JAKARTA – Indonesia tengah berupaya memperjuangkan “Jalur Rempah” untuk diakui sebagai warisan dunia. Pengajuan ini membutuhkan data ilmiah yang kuat mengenai kondisi rempah dan sejarah perdagangan rempah untuk memperkuat posisi Indonesia di hadapan UNESCO.
Badan Riset dan Inovasi Indonesia (BRIN) turut memperkuat pengakuan “Jalur Rempah” melalui kolaborasi dengan Yayasan Negeri Rempah (YNR).
“Kerja sama ini bertujuan memperkuat kapasitas produksi rempah Indonesia dan menghasilkan data ilmiah yang mendukung pengusulan ‘Jalur Rempah’ sebagai warisan dunia oleh UNESCO,” kata Kepala Pusat Riset Ekologi dan Etnobiologi BRIN Asep Hidayat, pada penandatanganan Perjanjian Kerja Sama (PKS), di BRIN Kawasan Sains dan Teknologi (KST) Soekarno, Kamis, 30 Januari 2025.

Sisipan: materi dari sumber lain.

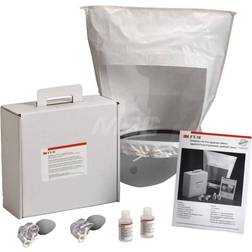 3M Ft30 Fit Test Kit Bitter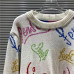 Fendi Sweater for MEN #999919970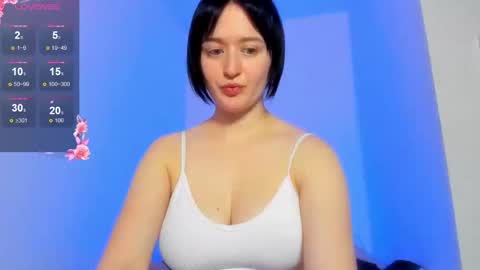 anastasia online show from 28, 1, 2025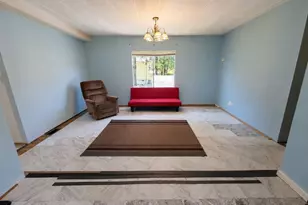 25007 Ash Pl, Ocean Park, WA 98640 - Photo 18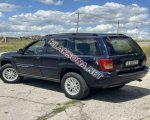 продам Jeep Cherokee в пмр  фото 4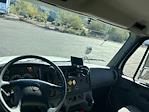Used 2021 Freightliner M2 106 Conventional Cab Box Truck with Liftgate for sale #378602 - photo 25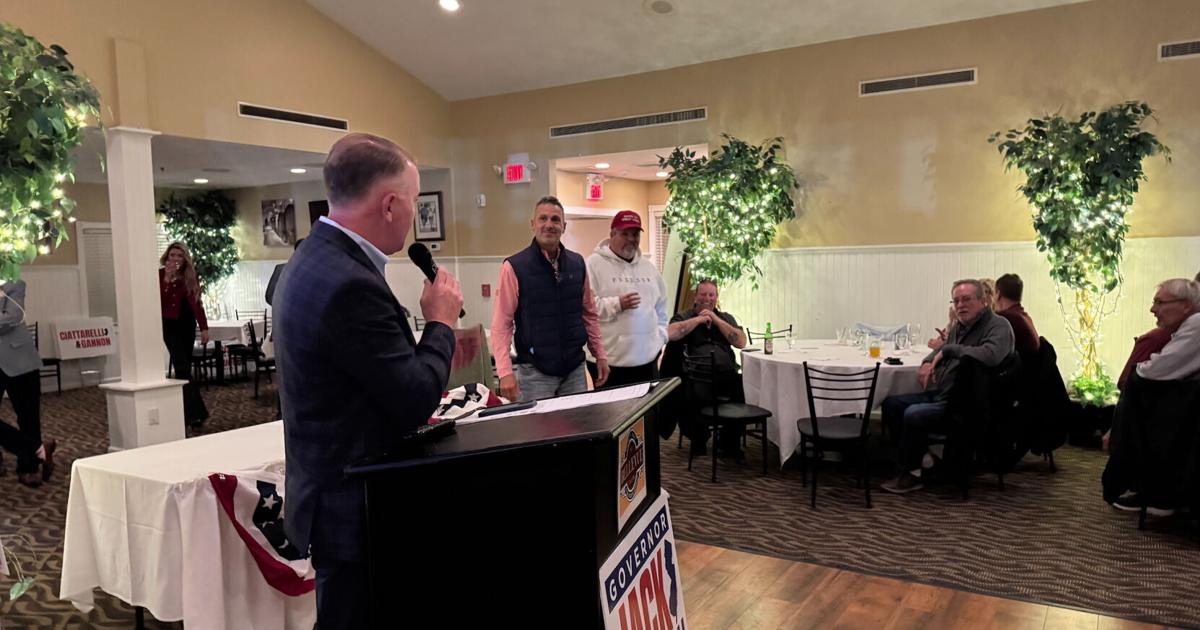 Cape Republicans win their races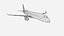 EMBRAER195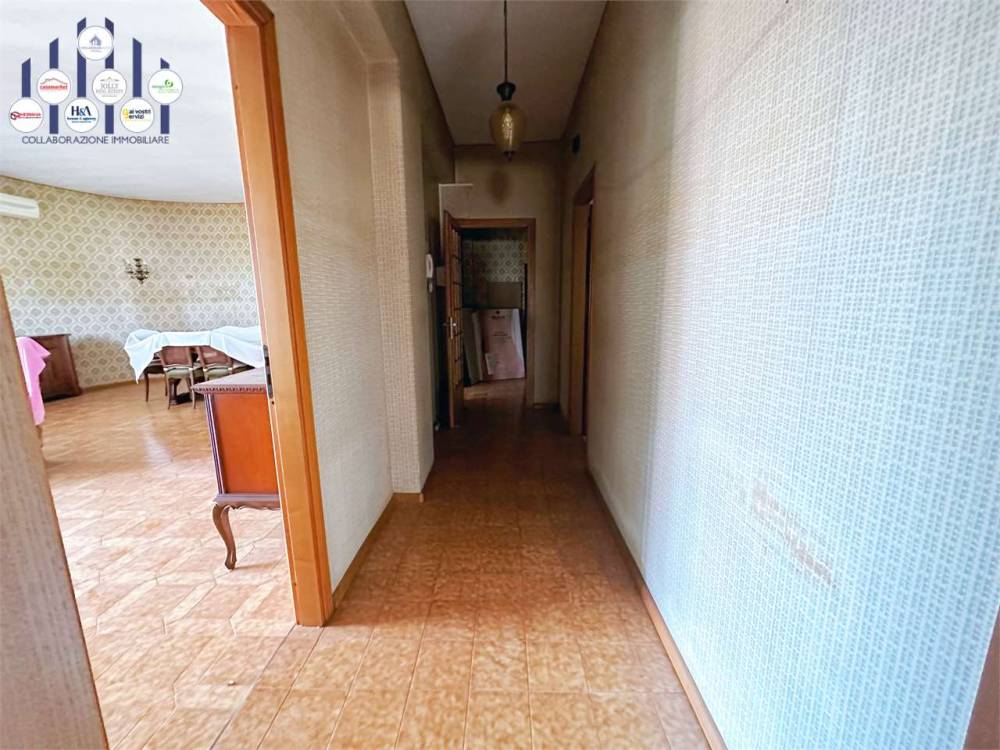 appartamento in vendita a Siracusa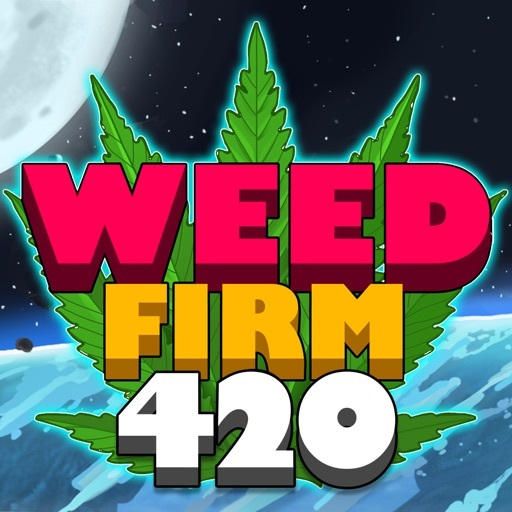 Weed Firm 2: Back To College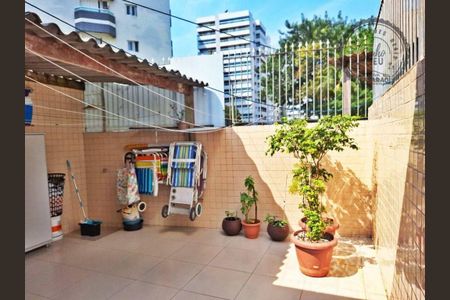 8_photo/94ce1e62f1.7980aed8fa71c73b-ATLAS-408daae5-7cec-4e86-abc7-20c9d870eb78.jpg de casa à venda com 3 quartos, 118m² em Aviação, Praia Grande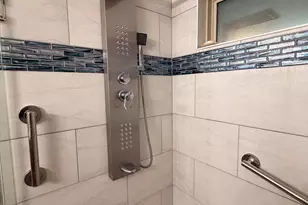 105 Loftis Mountain Rd, Blairsville, GA 30512 - Photo 24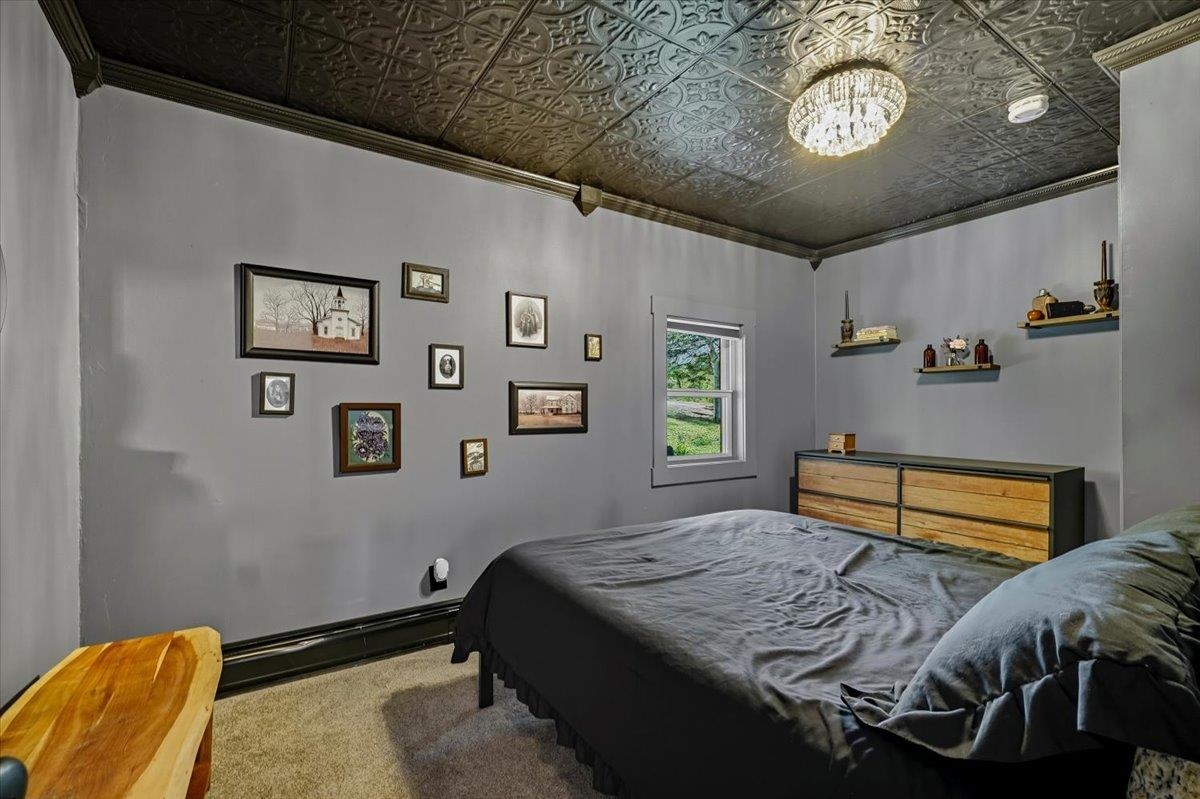 184 Sinclair Road Property Photo 20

Selain itu, tambah Asep, kerja sama ini juga akan memberikan rekomendasi untuk perbaikan produksi rempah guna memperkuat posisi Indonesia sebagai produsen rempah utama dunia.
Saat ini, produktivitas rempah Indonesia menghadapi berbagai kendala, seperti pohon rempah yang sudah tua, kurangnya pengetahuan tentang budi daya, serta pengelolaan pascapanen yang belum optimal. Oleh karena itu, kolaborasi antara produsen, pemerintah, swasta, dan lembaga terkait sangat diperlukan untuk meningkatkan kualitas dan produksi rempah, terutama komoditas unggulan Indonesia yang memiliki potensi ekspor besar.
“Kolaborasi ini menjadi momentum penting bagi kita semua. Tantangan penelitian semakin besar, dan kita tidak bisa bekerja sendiri. Dibutuhkan sinergi kuat untuk mencapai hasil maksimal,” ujar Asep.
Dia juga mengapresiasi upaya pengusulan “Jalur Rempah” sebagai warisan dunia dan menegaskan bahwa BRIN akan terus mendukung langkah ini.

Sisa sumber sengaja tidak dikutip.